Welcome to Project Puerto Rico!
A year ago today a devastating hurricane hit my father’s homeland. Hurricane Maria brought not only high winds, rain and extensive damage, but in the days, months and now year that have followed, this natural disaster exposed an unnatural one: the long-term and on-going effects of Puerto Rico’s political and economic status.
As video and photos of the damage started to emerge, I watched in horror and heartbreak at the ineffectual response by Federal Emergency Management Administration (FEMA)[i]. And in the disastrous lack of response from the US federal government, the Puerto Rican FEMA went to work.

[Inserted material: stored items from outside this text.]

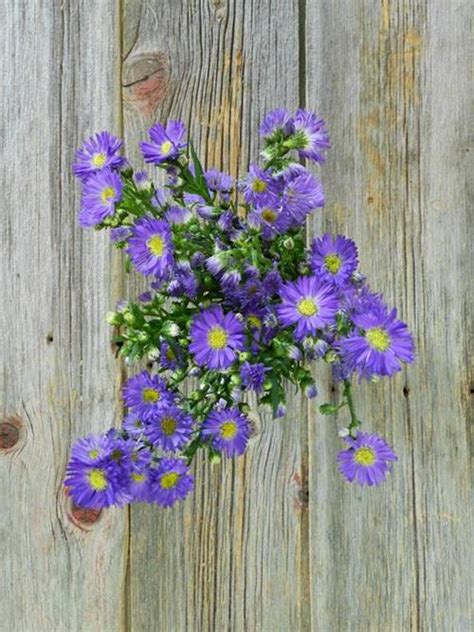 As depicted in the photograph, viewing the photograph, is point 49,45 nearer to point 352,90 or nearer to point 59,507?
point 352,90

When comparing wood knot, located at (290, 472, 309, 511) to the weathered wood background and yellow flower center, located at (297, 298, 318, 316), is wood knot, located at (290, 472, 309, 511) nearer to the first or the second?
the weathered wood background

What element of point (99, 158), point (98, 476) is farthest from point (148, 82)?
→ point (98, 476)

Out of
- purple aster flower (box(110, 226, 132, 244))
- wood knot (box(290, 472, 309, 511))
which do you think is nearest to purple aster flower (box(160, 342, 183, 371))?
purple aster flower (box(110, 226, 132, 244))

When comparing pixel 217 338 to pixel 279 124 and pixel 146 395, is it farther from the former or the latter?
pixel 279 124

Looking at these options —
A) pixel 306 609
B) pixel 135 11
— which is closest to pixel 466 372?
pixel 306 609

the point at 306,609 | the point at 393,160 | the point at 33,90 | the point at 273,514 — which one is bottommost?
the point at 306,609

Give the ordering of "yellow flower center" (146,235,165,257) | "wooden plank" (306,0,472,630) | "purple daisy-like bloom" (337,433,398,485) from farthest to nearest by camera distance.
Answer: "wooden plank" (306,0,472,630), "purple daisy-like bloom" (337,433,398,485), "yellow flower center" (146,235,165,257)

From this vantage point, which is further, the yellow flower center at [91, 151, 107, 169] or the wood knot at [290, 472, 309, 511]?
the wood knot at [290, 472, 309, 511] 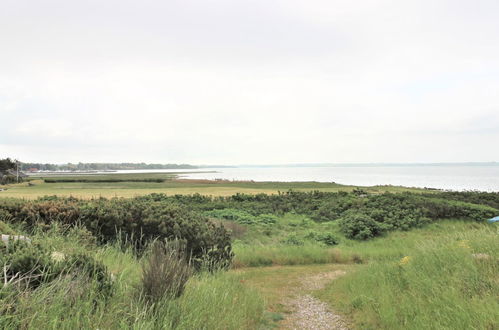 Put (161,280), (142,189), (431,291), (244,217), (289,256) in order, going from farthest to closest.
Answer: (142,189), (244,217), (289,256), (431,291), (161,280)

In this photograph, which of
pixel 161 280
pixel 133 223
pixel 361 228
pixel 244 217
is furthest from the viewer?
pixel 244 217

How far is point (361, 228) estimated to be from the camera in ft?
43.3

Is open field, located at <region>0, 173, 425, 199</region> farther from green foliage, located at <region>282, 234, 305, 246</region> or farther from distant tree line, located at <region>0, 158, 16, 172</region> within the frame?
distant tree line, located at <region>0, 158, 16, 172</region>

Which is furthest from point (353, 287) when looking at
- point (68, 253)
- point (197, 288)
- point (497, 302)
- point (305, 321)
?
point (68, 253)

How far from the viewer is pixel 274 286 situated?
7.25 m

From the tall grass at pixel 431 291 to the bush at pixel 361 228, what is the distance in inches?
238

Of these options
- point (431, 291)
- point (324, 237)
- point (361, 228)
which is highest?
point (431, 291)

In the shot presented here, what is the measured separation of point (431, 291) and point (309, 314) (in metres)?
2.05

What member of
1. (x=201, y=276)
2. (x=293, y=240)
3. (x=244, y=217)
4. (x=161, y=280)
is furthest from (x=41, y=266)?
(x=244, y=217)

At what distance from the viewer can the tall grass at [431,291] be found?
3.91 m

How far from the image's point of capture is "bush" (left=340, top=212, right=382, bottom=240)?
1295 centimetres

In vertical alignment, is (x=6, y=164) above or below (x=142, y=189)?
above

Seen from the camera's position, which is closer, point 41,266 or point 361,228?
point 41,266

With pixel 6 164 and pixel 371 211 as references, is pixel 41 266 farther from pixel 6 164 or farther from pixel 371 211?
pixel 6 164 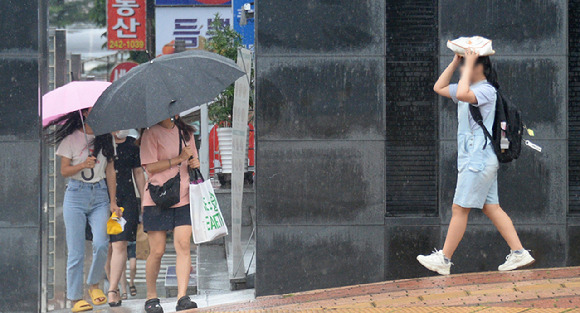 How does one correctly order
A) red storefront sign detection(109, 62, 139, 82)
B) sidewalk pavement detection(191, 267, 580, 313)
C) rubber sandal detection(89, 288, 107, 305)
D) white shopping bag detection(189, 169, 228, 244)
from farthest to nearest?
red storefront sign detection(109, 62, 139, 82) < rubber sandal detection(89, 288, 107, 305) < white shopping bag detection(189, 169, 228, 244) < sidewalk pavement detection(191, 267, 580, 313)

What is Puerto Rican FEMA you ask? Family Emergency Making Actions. “Family” in this case means the Diaspora: the extensive network of Puerto Ricans mostly on the mainland US displaced by 150 years of colonial policies.
I don’t know what your Facebook feed looked like on September 22, 2017 and the days that followed, but mine was full of notifications of fundraisers. These notifications popped up daily, two or three a day. The events took place on the East and West Coasts with music, food, etc. There were benefit concerts and benefit recordings. There were food drives and supply “drop-off” sites. Almost all of these efforts were led by Puerto Ricans for Puerto Ricans. And I was part of it, of course.
The impacts of Maria are personal. This is my family, my community.
When Puerto Rican FEMA went into action, I reached out to my community, which includes many non-Puerto Ricans. I am still moved by the donations that poured in from my friends – whether it was $5 or $500 – because of our relationship. Each of them knew their contribution would be delivered directly to someone on the islands impacted by the hurricane: one of my family members.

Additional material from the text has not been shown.